Configure Cloud DB for MySQL

The following is an example of a Cloud DB for MySQL configuration.

  • Create table
    create table logstash_test(
    id BIGINT(20) UNSIGNED NOT NULL,
    PRIMARY KEY (id),
    contents nvarchar(255),
    create_time TIMESTAMP NOT NULL DEFAULT CURRENT_TIMESTAMP,
    update_time TIMESTAMP NOT NULL DEFAULT CURRENT_TIMESTAMP ON UPDATE CURRENT_TIMESTAMP
    );
    
  • Enter data
    insert into logstash_test(id, contents) values(1, "this is first contents");
    insert into logstash_test(id, contents) values(2, "this is second contents");
    

Run Logstash

The following is an example of running Logstash.

# For Elasticsearch version
systemctl start logstash

# For OpenSearch version
# Use nohup for background execution.
# You need to specify the path for logstash.conf by using the -f option.
nohup {installation path}/bin/logstash -f ~{installation path}/config/logstash.conf &

View Cloud DB for MySQL data

The following example demonstrates how to query Cloud DB for MySQL data in Search Engine Service.

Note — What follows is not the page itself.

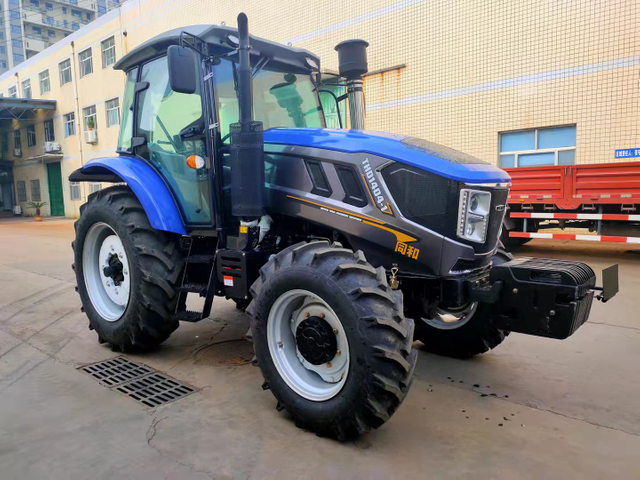 90/100/110 HP 4wd FARM TRACTOR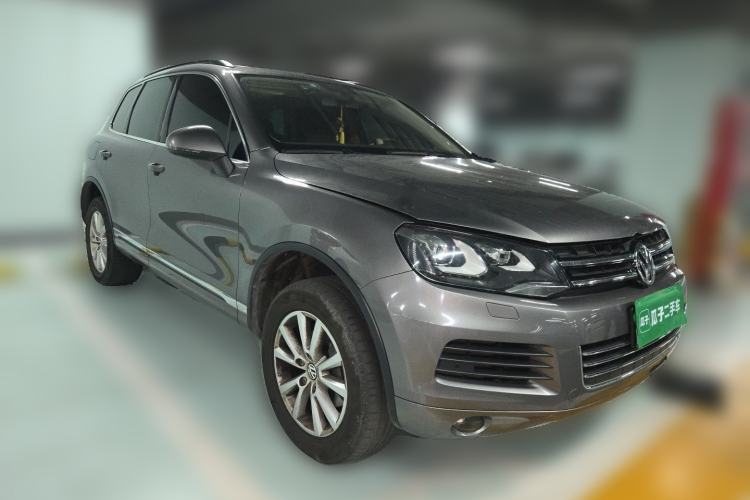 Used Volkswagen Touareg 2011 3.0 TSI High-End Version Front Right 45 Deg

GET mysql-2022.08.08/_search
{
  "took" : 3,
  "timed_out" : false,
  "_shards" : {
    "total" : 1,
    "successful" : 1,
    "skipped" : 0,
    "failed" : 0
  },
  "hits" : {
    "total" : {
      "value" : 2,
      "relation" : "eq"
    },
    "max_score" : 1.0,
    "hits" : [
      {
        "_index" : "mysql-2022.08.08",
        "_type" : "_doc",
        "_id" : "VNkwe4IBicE7MyrTCKIL",
        "_score" : 1.0,
        "_source" : {
          "contents" : "this is first contents",
          "update_time" : "2022-08-08T01:55:47.000Z",
          "unix_ts_in_secs" : 1659923747,
          "id" : 1,
          "create_time" : "2022-08-08T01:55:47.000Z",
          "@version" : "1",
          "@timestamp" : "2022-08-08T02:02:01.082Z"
        }
      },
      {
        "_index" : "mysql-2022.08.08",
        "_type" : "_doc",
        "_id" : "3yEwe4IBBeKbW6yXB2l_",
        "_score" : 1.0,
        "_source" : {
          "contents" : "this is second contents",
          "update_time" : "2022-08-08T01:59:05.000Z",
          "unix_ts_in_secs" : 1659923945,
          "id" : 2,
          "create_time" : "2022-08-08T01:59:05.000Z",
          "@version" : "1",
          "@timestamp" : "2022-08-08T02:02:01.093Z"
        }
      }
    ]
  }
}